In a sense I can see a parallel in the tuning of parameters of an equation. The equation is altered during its lifetime … and I suppose “birth” is when further parameters are added to create a new equation based on the old.
So, what would evolutionary theory development equate to? I suppose the elimination of old equations which do not fit (are not fit for purpose) is evolutionary, but all equations have parameters changed in order to fit new data.
However, there is the fundamental problem that given a model with N adjustable parameters whose affect is orthogonal (acts independently) then it can be made to fit N data points. Or to put it more generally, the more complex the equation (the more adjustable parameters in the equation) and the less data points it has to fit, the easier it becomes to shoe horn any old equation to fit the data.
Latimer was talking about an experiment. An experiment is a means whereby a model is tested. In chemistry, that model is how chemicals react, in physics it might be how bodies behave and in climate … it is how the climate behaves. Unfortunately, experiments often don’t test what we expect. E.g. the exact order in which chemical are added may effect the outcome. So, in ideal conditions the experiment is repeated many times (or at least with a control). Each of these experiments create an added data point by which the model (or hypothesis) can be tested.
But when we come to climate, the time it takes for “climate” to change is of the order of a decade. So, in effect we only have one addition “test” point each decade. And given that half decent records for world climate started in 1850 and it was a long time after they were more than half decent, there are at most 16 data points (one for each decade) and if we were being strict perhaps far less.

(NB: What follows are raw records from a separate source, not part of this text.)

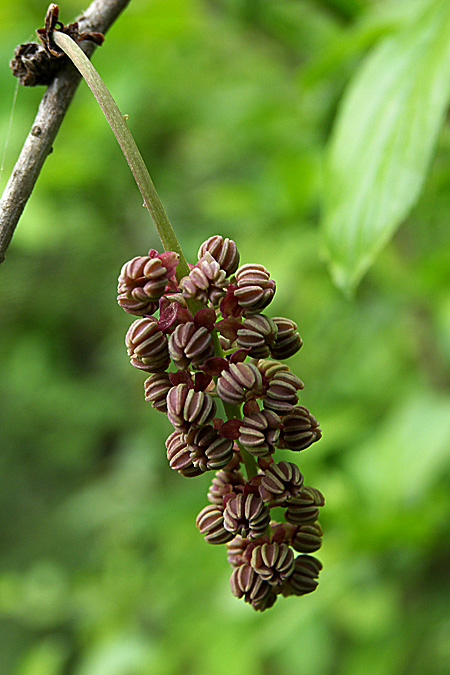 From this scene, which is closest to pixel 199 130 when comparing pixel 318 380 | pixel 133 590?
pixel 318 380

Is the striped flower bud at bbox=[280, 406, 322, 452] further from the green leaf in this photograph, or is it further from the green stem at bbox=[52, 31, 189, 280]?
the green leaf

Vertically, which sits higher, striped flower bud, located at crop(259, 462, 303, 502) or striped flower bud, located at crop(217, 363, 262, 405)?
striped flower bud, located at crop(217, 363, 262, 405)

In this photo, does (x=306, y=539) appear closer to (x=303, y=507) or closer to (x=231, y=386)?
(x=303, y=507)

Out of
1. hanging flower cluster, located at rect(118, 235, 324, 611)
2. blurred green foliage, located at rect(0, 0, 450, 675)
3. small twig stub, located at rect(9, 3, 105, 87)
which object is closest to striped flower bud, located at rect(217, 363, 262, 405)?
hanging flower cluster, located at rect(118, 235, 324, 611)

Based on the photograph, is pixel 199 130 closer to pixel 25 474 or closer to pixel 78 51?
pixel 78 51

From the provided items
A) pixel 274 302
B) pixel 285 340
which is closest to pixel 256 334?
pixel 285 340

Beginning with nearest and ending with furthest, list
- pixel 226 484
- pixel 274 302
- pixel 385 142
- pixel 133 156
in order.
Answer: pixel 133 156, pixel 226 484, pixel 385 142, pixel 274 302

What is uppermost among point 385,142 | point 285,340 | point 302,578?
point 385,142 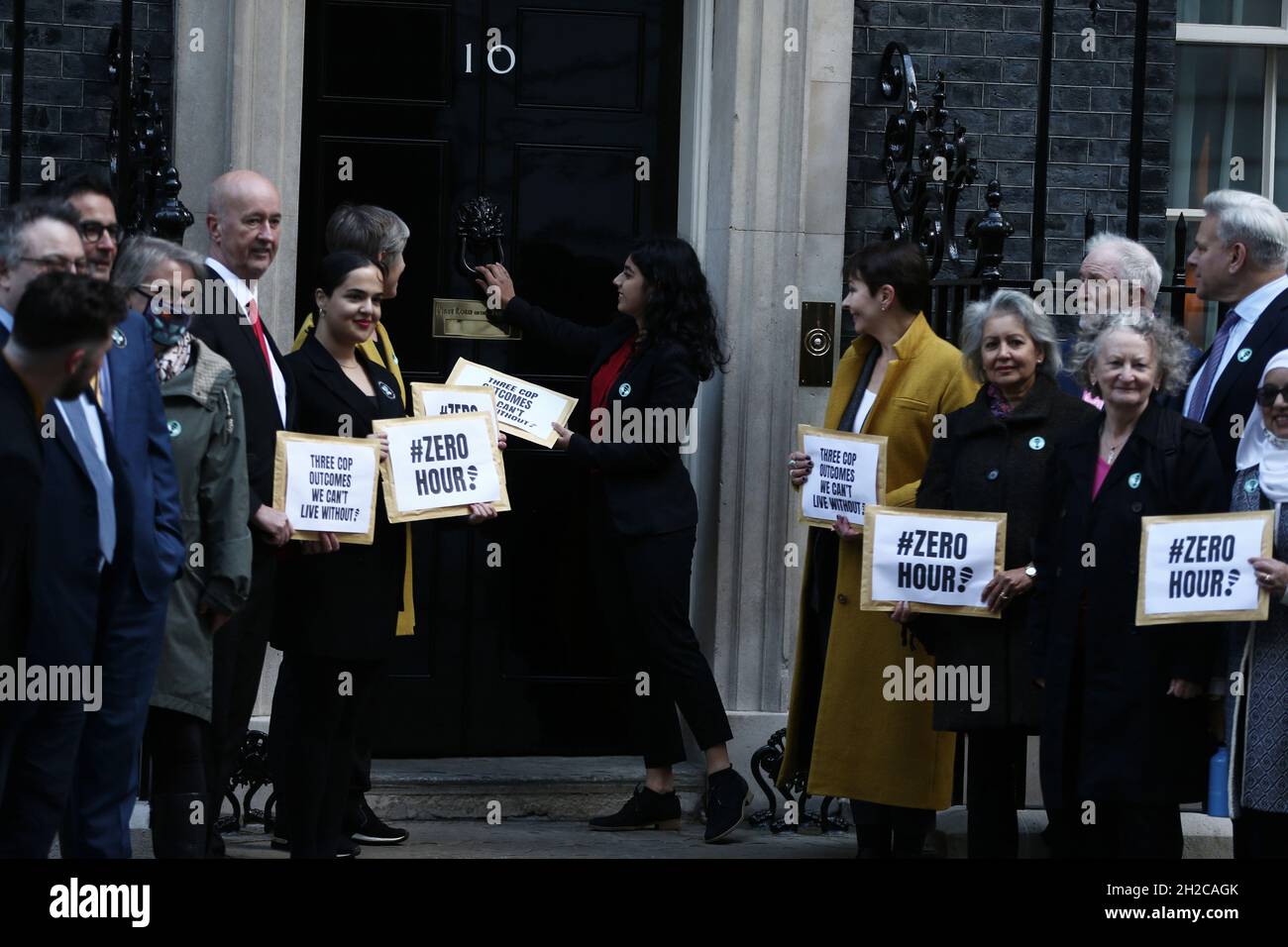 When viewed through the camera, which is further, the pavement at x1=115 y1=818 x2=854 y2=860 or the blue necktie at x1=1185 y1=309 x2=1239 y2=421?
the pavement at x1=115 y1=818 x2=854 y2=860

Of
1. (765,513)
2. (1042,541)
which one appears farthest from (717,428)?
(1042,541)

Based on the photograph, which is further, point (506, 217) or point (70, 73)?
point (506, 217)

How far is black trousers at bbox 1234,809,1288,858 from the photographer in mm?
5875

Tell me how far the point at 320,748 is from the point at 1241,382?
3107mm

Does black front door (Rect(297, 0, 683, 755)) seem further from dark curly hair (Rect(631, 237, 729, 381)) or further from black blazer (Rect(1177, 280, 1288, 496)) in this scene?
black blazer (Rect(1177, 280, 1288, 496))

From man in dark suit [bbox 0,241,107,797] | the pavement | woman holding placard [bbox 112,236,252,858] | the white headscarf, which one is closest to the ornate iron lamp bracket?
the white headscarf

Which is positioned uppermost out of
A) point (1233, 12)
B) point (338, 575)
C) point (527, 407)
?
point (1233, 12)

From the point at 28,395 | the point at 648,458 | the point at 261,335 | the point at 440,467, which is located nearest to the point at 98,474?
the point at 28,395

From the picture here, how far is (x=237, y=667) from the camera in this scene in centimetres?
628

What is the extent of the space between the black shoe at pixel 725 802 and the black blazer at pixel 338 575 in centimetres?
167

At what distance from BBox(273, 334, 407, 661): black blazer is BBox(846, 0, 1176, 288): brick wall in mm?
2791

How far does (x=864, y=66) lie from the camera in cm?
853

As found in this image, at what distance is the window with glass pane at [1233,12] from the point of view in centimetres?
897

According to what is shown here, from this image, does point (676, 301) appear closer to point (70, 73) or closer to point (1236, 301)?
point (1236, 301) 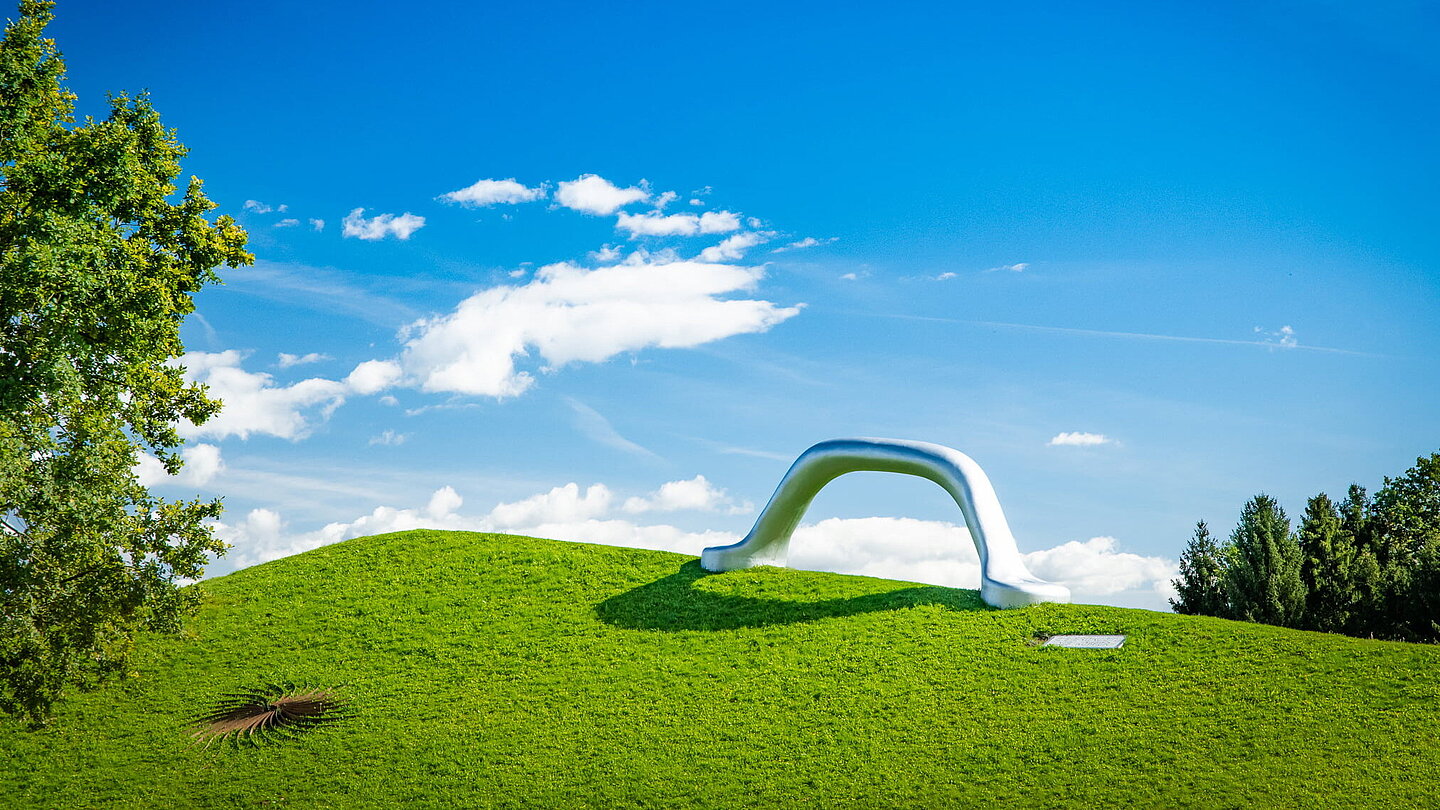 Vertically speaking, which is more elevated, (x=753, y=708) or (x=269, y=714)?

Now in the reply to Latimer I made up a “rule of thumb” which was that you needed need n+1 data points to distinguish between n different hypothesis or models. For the moment I won’t worry whether its n+1 or n, but afterwards I suggested that a better model would be to say that each new test removes a proportion of the models. E.g. if the test is whether the model predicted the sign of global temperature. Given an infinite set of independent academics producing climate models, we would expect half their models to be removed for the first decade, half the next, half the next, so that after a century there would be only 1 in 1024 models still being considered.
Obviously in real life (as in evolution) when old models are removed, so those still in contention may be adapted (by the infinite monkeys in academia) so that the pool of models available for consideration remains fairly static.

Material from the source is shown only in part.